Casada con el capitán que odiaba

Status: En proceso
Popularitas:80
Nilai: 5
nombre de autor: Leslie Michelle Gonz

Durante diez años, Nina Salcedo creyó estar enamorada del hombre equivocado.
Cuando su socia desaparece y la deja con una deuda de nueve millones de pesos, la única salida llega de la persona que menos esperaba: Santiago Reverte, un capitán de aerolínea frío, arrogante y experto en hacerla perder la paciencia.
El trato parece sencillo: un matrimonio por contrato. Él resolverá sus problemas económicos y ella le dará la esposa que necesita para cumplir con las exigencias de su familia. Sin amor. Sin preguntas. Sin sentimientos de por medio.
Pero Santiago conoce su café favorito, cuida de su abuela a escondidas y siempre aparece cuando ella corre peligro. Mientras tanto, Julián, el amor de toda su juventud, regresa dispuesto a recuperarla y obliga a Nina a cuestionar cada recuerdo que creía verdadero.
Las notas anónimas, los regalos, la bufanda azul y aquel misterioso chico que la protegía en silencio quizá nunca tuvieron nada que ver con Julián.
Porque Santiago no empezó a amarla después de la boda.
Lleva diez años haciéndolo en secreto.

NovelToon tiene autorización de Leslie Michelle Gonz para publicar esa obra, el contenido del mismo representa el punto de vista del autor, y no el de NovelToon.

Capítulo 24

...Nina....

La carretera se abría como una herida entre las montañas.

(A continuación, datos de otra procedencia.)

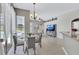 Bright dining area with glass table and view of pool at 805 Woodcarver Ln, Brandon, FL 33510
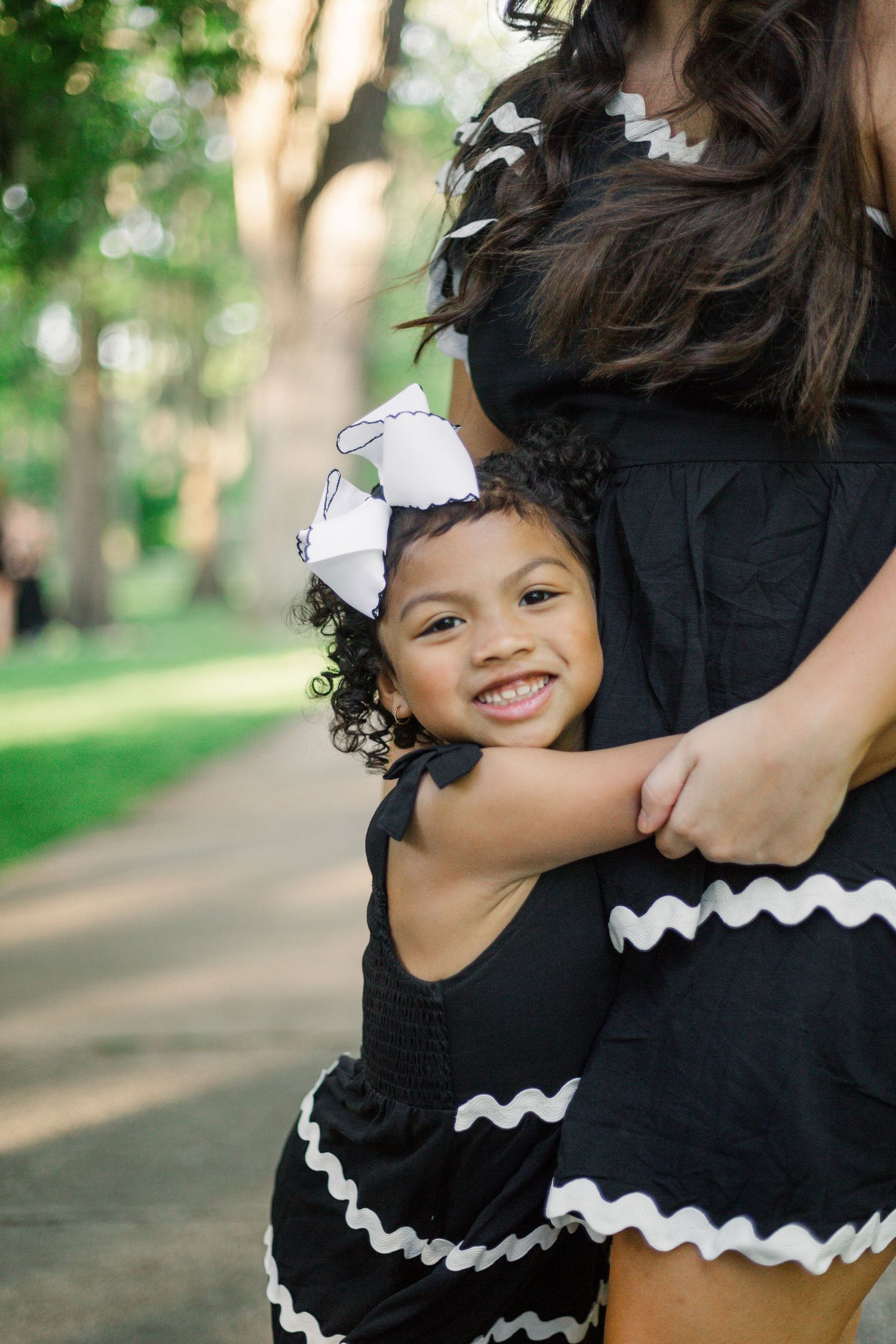 A joyful embrace captured in matching black and white outfits with rick rack trim.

Santiago manejaba con una mano en el volante y la otra apoyada en la ventana, el viento revolviendo su pelo como si el mundo entero quisiera despeinarlo. Yo iba en el asiento del copiloto con los pies descalzos sobre el tablero —porque sí, porque podía, porque nadie me lo iba a prohibir— y Camila atrás, con sus pestañas postizas, su contour de revista y un perfume tan fuerte que Santiago había bajado las cuatro ventanas sin decir una palabra.

—Pongan música —dijo Camila—. Este silencio me está matando.

Conecté mi celular al Bluetooth.

La primera canción que sonó fue una balada. De esas lentas, con guitarra acústica y una voz que te arranca las costillas.

Santiago no dijo nada. Pero vi cómo sus dedos se apretaron en el volante.

Yo miraba el paisaje. Las montañas verdes, los pueblitos que aparecían y desaparecían entre la niebla. Todo olía a tierra mojada y a gasolina y a algo que no podía nombrar.

Entonces Camila me tocó el hombro.

Me incliné hacia atrás.

—Tu marido te está mirando por el espejo —susurró, tan bajito que apenas la oí.

—No es mi...

—Te está mirando como si fueras la última mujer sobre la tierra.

Me enderecé de golpe. Mis ojos se cruzaron con los de Santiago en el retrovisor. Él no apartó la mirada. Yo sí.

Me ardían las orejas.

Camila soltó una risita desde el asiento trasero, y yo subí el volumen de la música como si eso pudiera tapar el latido que me retumbaba en el pecho.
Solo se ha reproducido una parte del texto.